• To do:
Write each line out exactly, from the one containing "Escenario instalado en" through the final line of the data, and keep pictures out of the copy.

• Data:
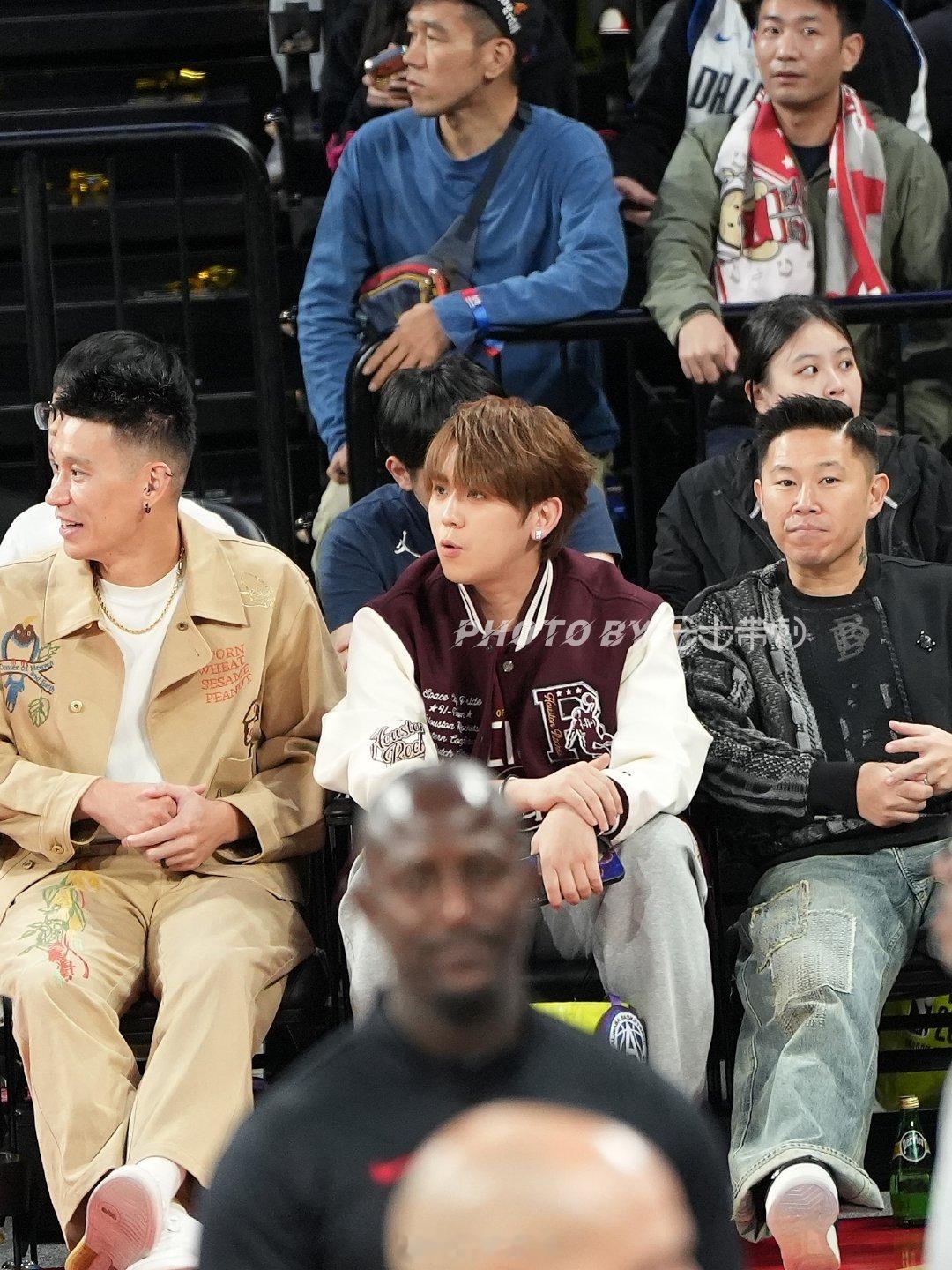 #nba中国赛2026##NBA#中国赛第一场，场边有哪些非篮球界名人？据说，第二场，娘娘会来！​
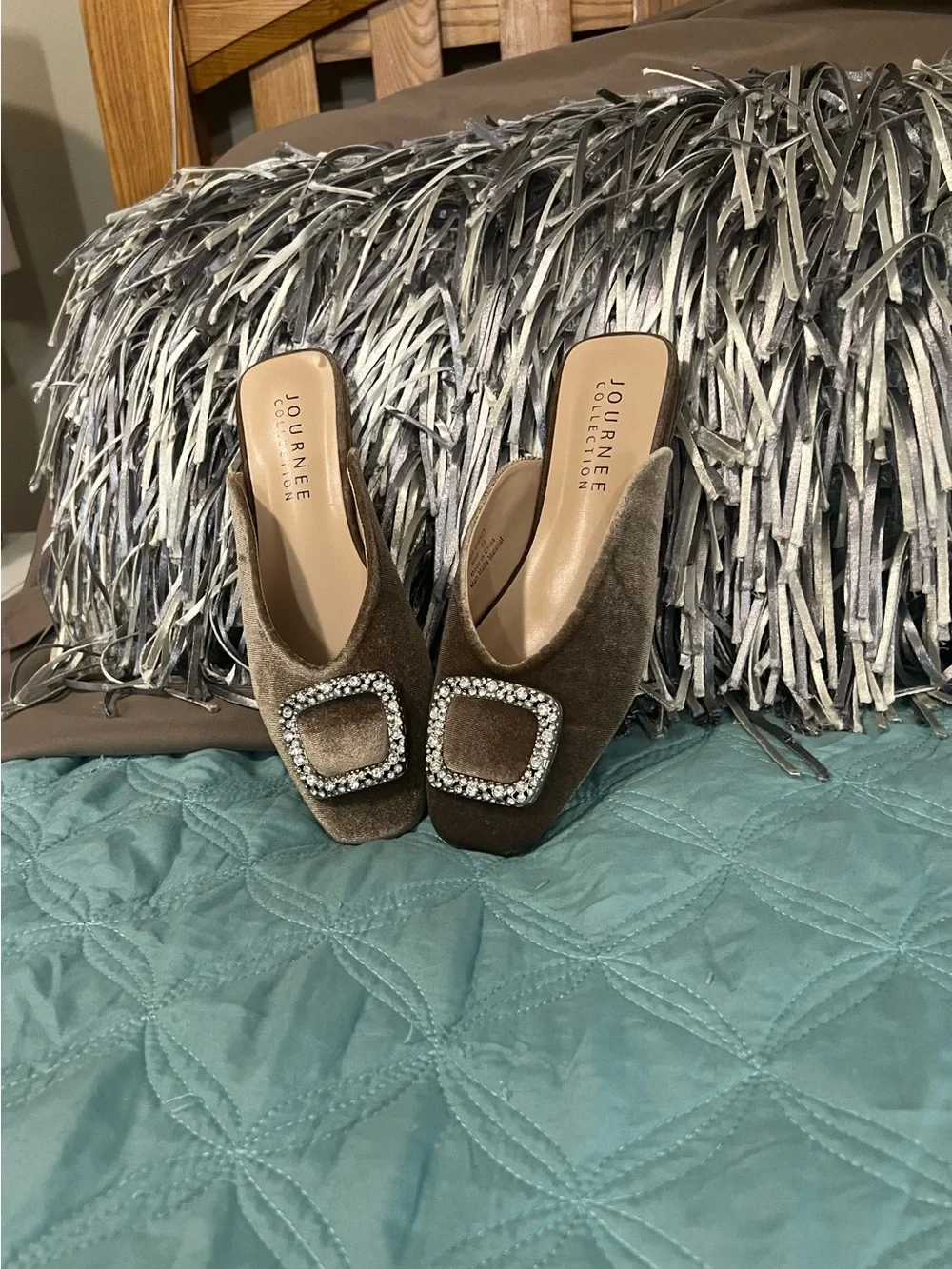 Sz 7.5 Journee Collection Sonnia Taupe Crystal-Embellished Velvet Mule Flats $85 - Picture 5 of 8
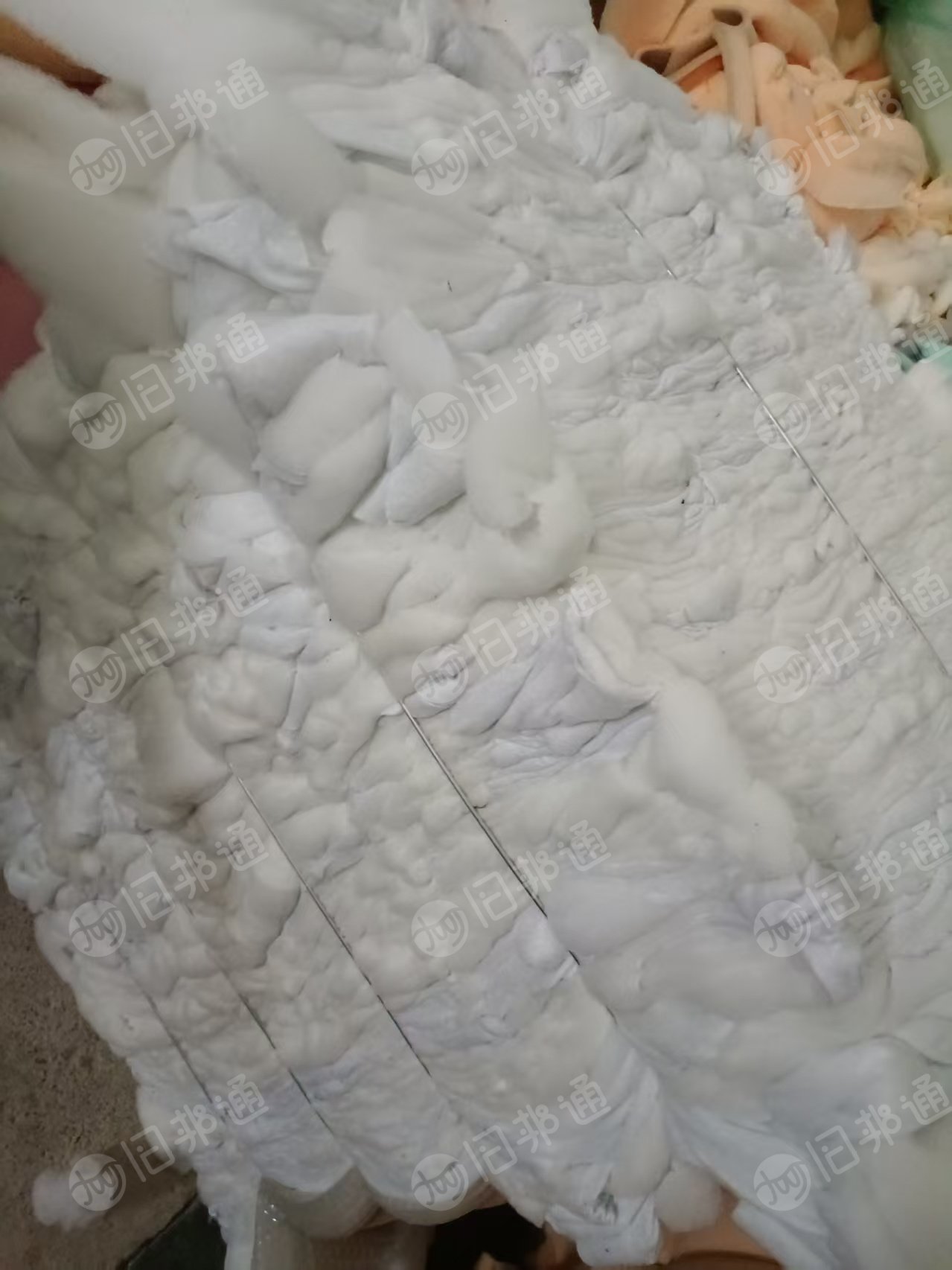 长期出售家具厂下来的白色丝棉边角料，丝棉，也有带布，但是带布的量比较少，现货有20多吨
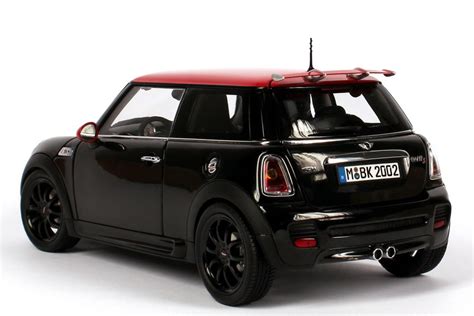 Mini Cooper S R56 LCI John Cooper Works Schwarz Rot Werbemodell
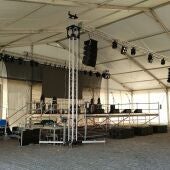 Escenario instalado en la plaza Rafael Alberti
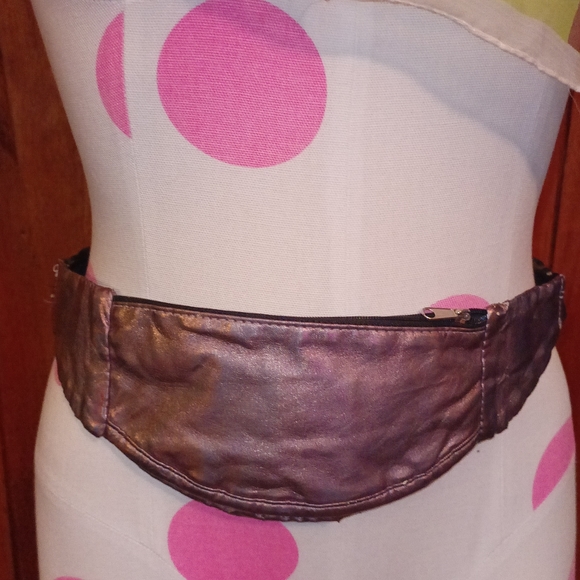 🆓 With $25 Dollar Purchase! Icing (fanny pack) Claire's - Picture 2 of 11
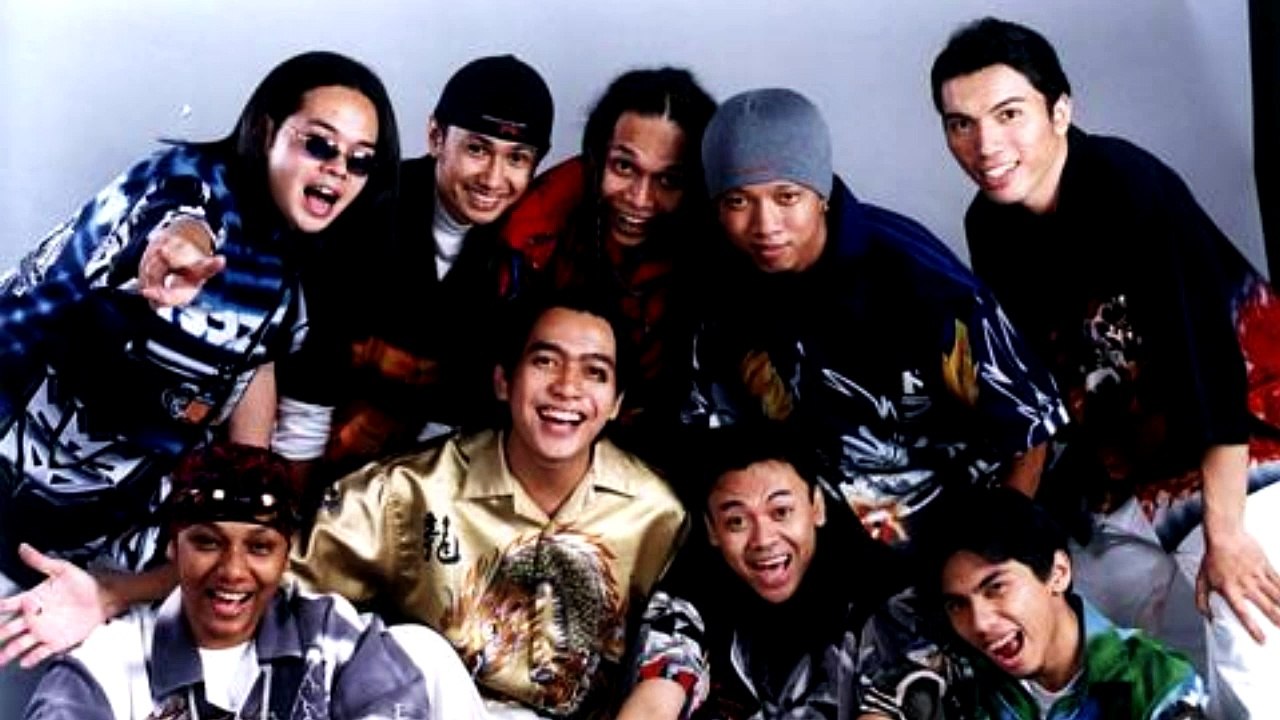 T Five selingkuh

• Task solution:
 Escenario instalado en la plaza Rafael Alberti
 🆓 With $25 Dollar Purchase! Icing (fanny pack) Claire's - Picture 2 of 11
 T Five selingkuh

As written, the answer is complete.